Publication date & source: 2011-03-24, Neurosci Lett., 491(3):196-201. Epub 2011 Jan 21.

Publication type: Randomized Controlled Trial; Research Support, N.I.H., Extramural

Neuroimaging studies of individuals with posttraumatic stress disorder (PTSD) have revealed altered patterns of activity in medial prefrontal brain regions, including the anterior cingulate cortex (ACC), an area implicated in affect regulation. Selective serotonin reuptake inhibitors (SSRIs) have been shown to effectively treat PTSD symptoms, but there remains a lack of functional neuroimaging research examining the effects of psychopharmacological treatment on brain function in PTSD. The purpose of this pilot study was to assess the effects of the SSRI paroxetine on neural responses to traumatic memories in a small sample of patients with PTSD, as measured with PET imaging; we hypothesized that paroxetine treatment would be associated with increased regional cerebral blood flow (rCBF) in the medial prefrontal cortex. Thirteen participants with PTSD were given controlled-release paroxetine (paroxetine CR) or placebo in a randomized, double-blind fashion for 12 weeks.

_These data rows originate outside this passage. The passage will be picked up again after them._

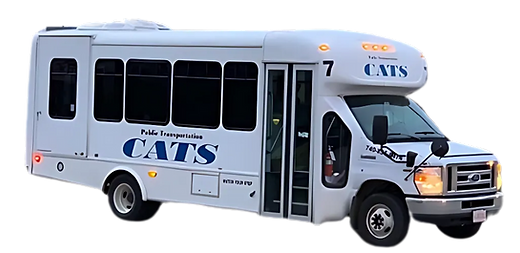 cats-bus.png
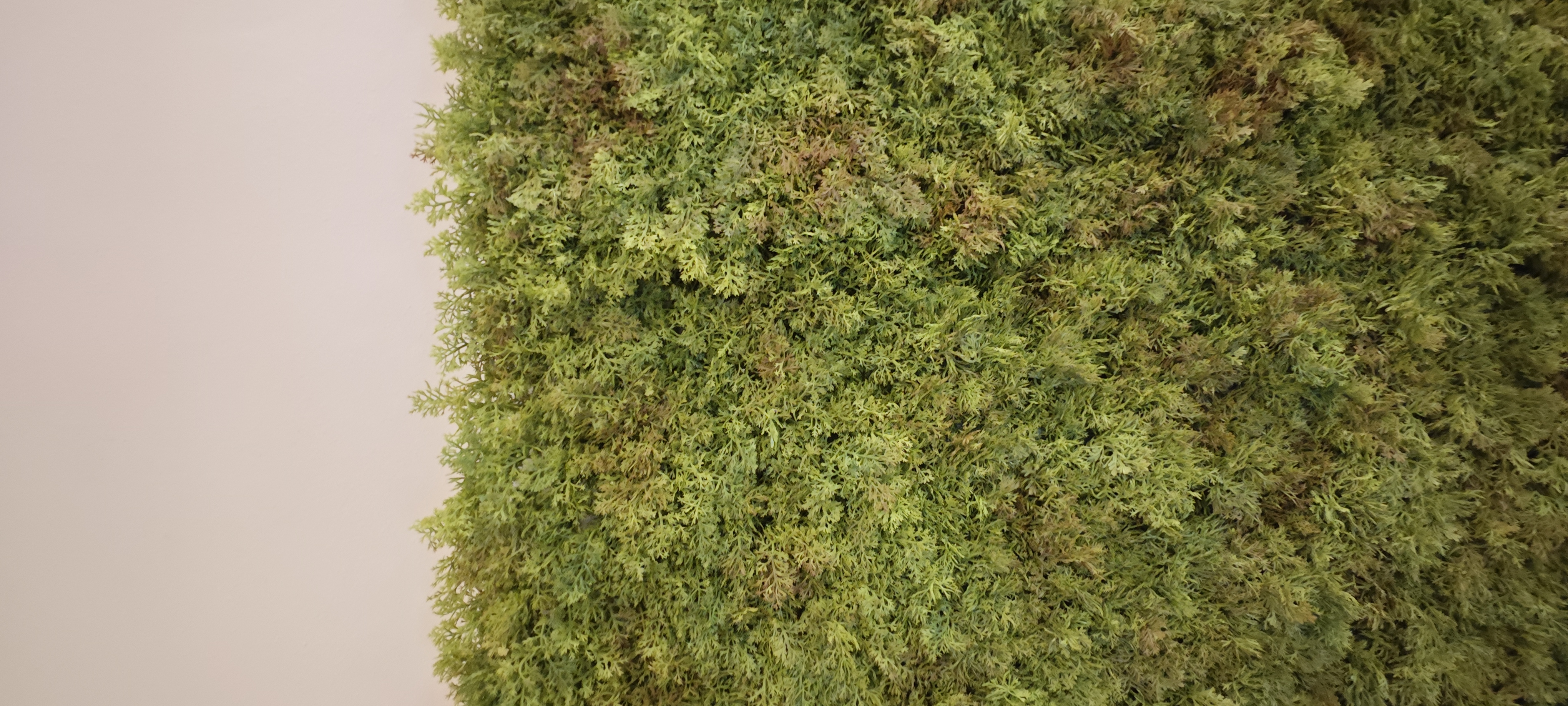 Liche Lichen Panels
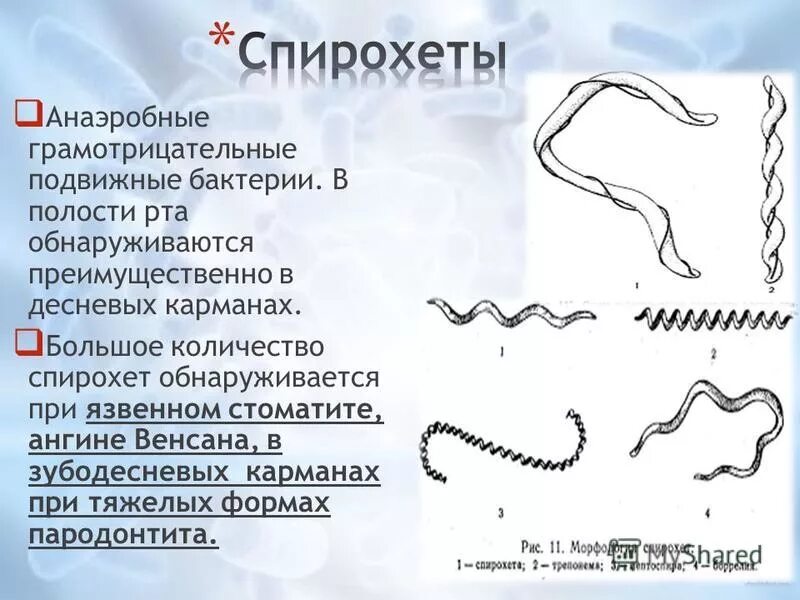 спирохеты лептоспиры. строение спирохеты бактерии. спирохеты какие бактерии. классификация спирохет микробиология. спирохеты трепонемы боррелии лептоспиры.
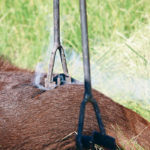 An animal welfare specialist from the University of California, Davis, has found that brands remain painful for up to 10 weeks. | File photo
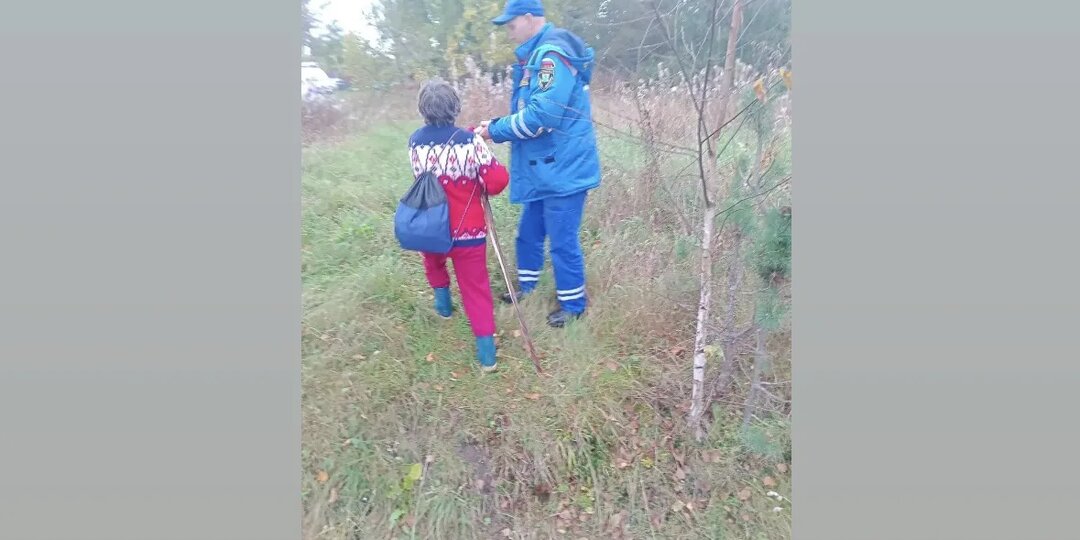 Спасатели прочесали два леса в поисках двух женщин в Ленобласти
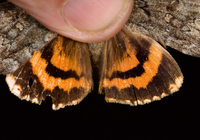 Catocala palaeogama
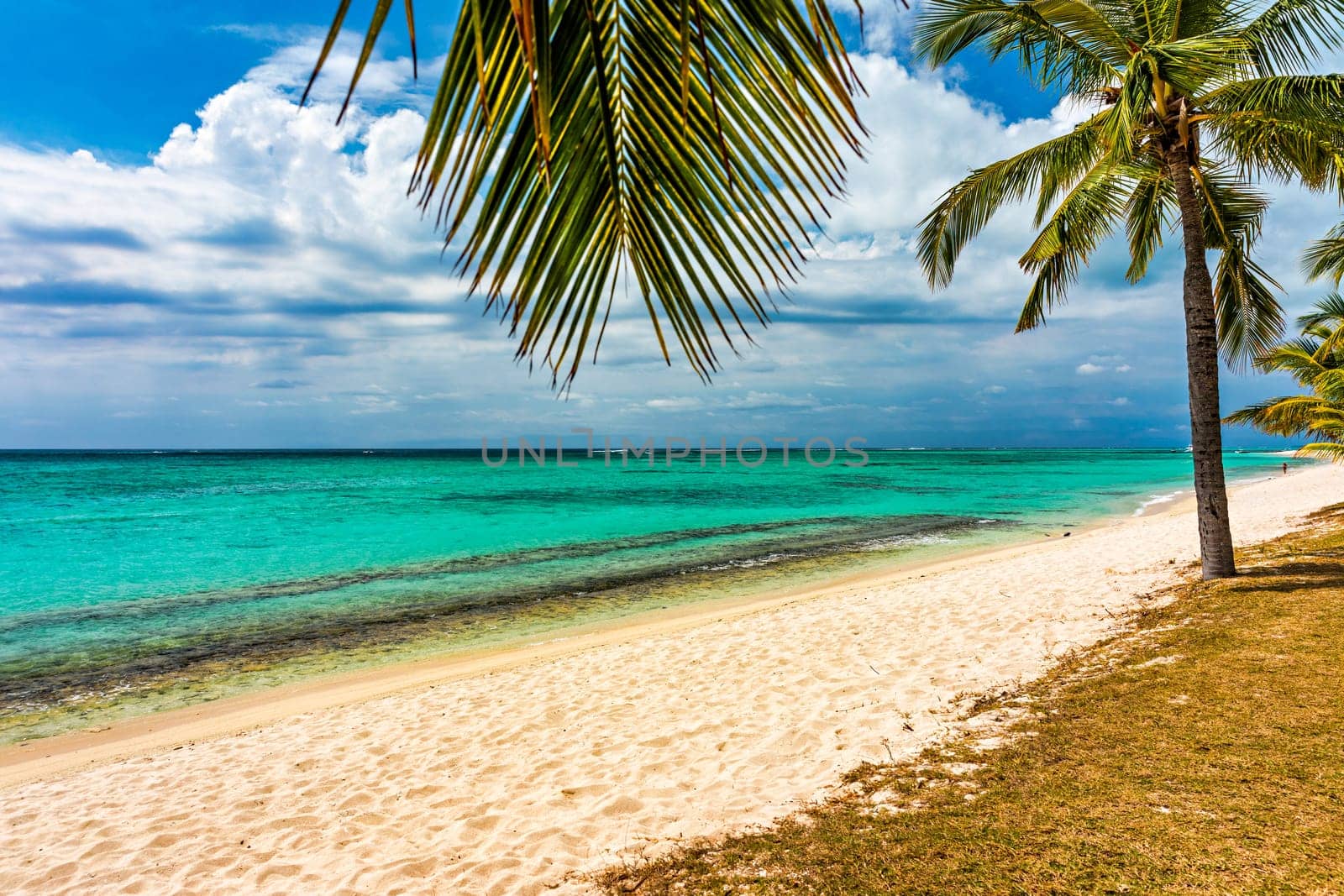 Palm trees on the tropical Le Morne beach, Mauritius. Tropical vacation background concept on Le Morne beach, Mauritius. Paradise beach on Mauritius island, palm trees, white sand, azure water.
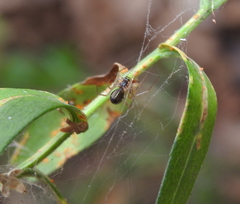 Microlinyphia pusilla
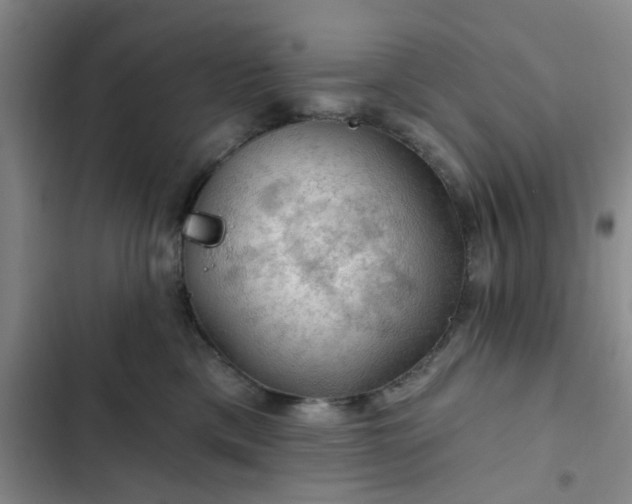 X0000102490425200808221735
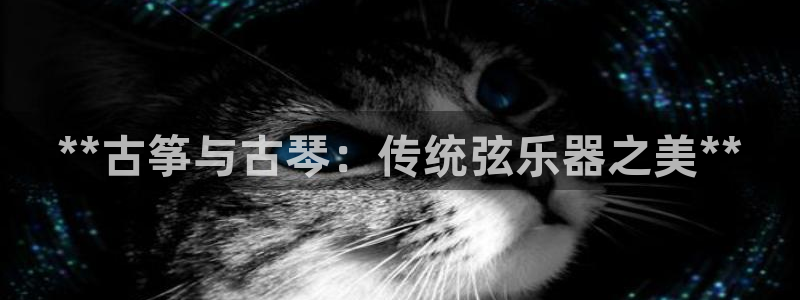 凯发国际是什么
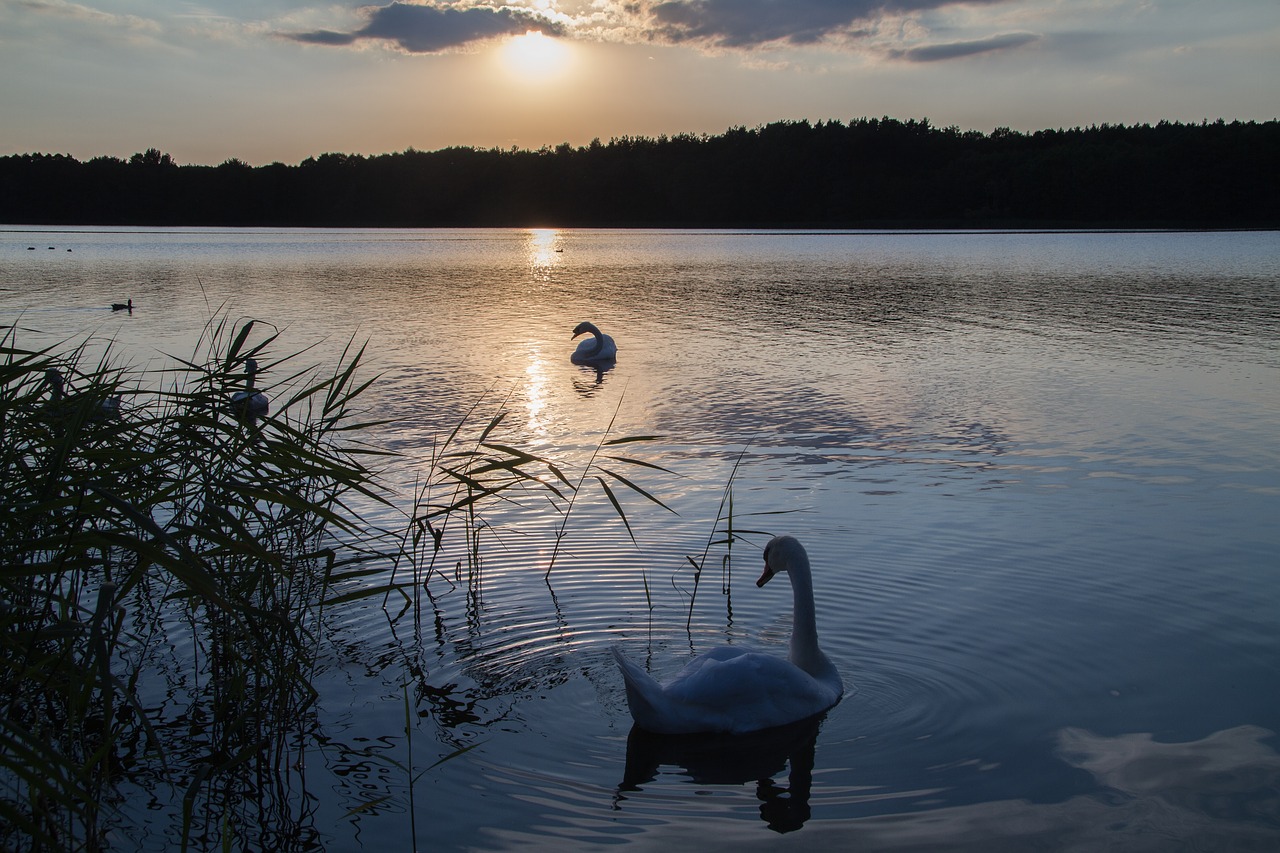 Image - müritz mecklenburgische seenplatte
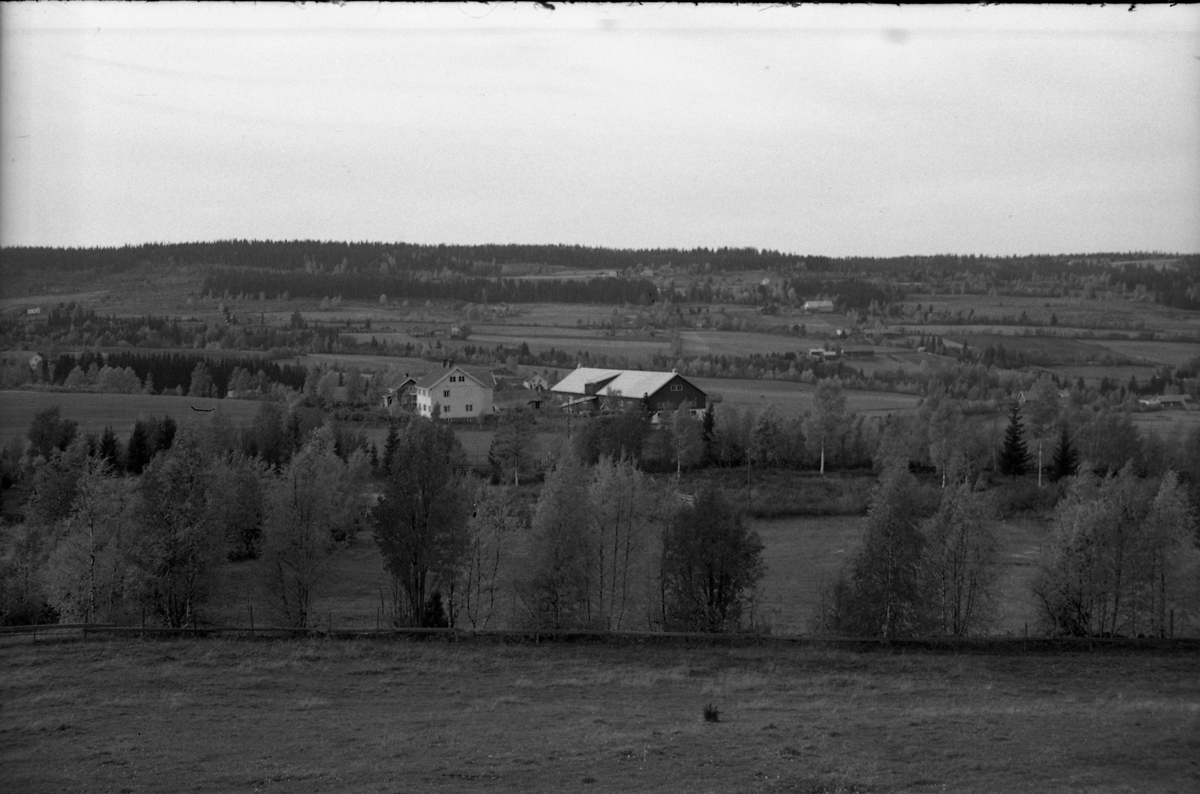 Landskapsbilde fra Øverskreien jøsten 1955. Gården Kløvstad midt i bildet.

Participants underwent brain imaging using positron emission tomography (PET) before and at the end of treatment in conjunction with exposure to neutral scripts and personalized trauma scripts. Participants treated with paroxetine CR and placebo both exhibited significantly increased rCBF in the ACC during trauma versus neutral script presentations; however, we noted an increase in function in the orbitofrontal cortex (OFC) in paroxetine-treated (but not placebo-treated) participants. Participants in both groups showed decreases in overall PTSD symptomatology following treatment; paroxetine-treated participants showed a slightly greater percentage decrease in symptoms. These preliminary findings indicate that increased ACC function represents a nonspecific response to treatment, whereas increased OFC function is specifically associated with paroxetine treatment in PTSD. These pilot data reveal putative mechanisms for SSRI treatment in PTSD and substantiate the need for large-scale placebo-controlled studies investigating these effects. Published by Elsevier Ireland Ltd.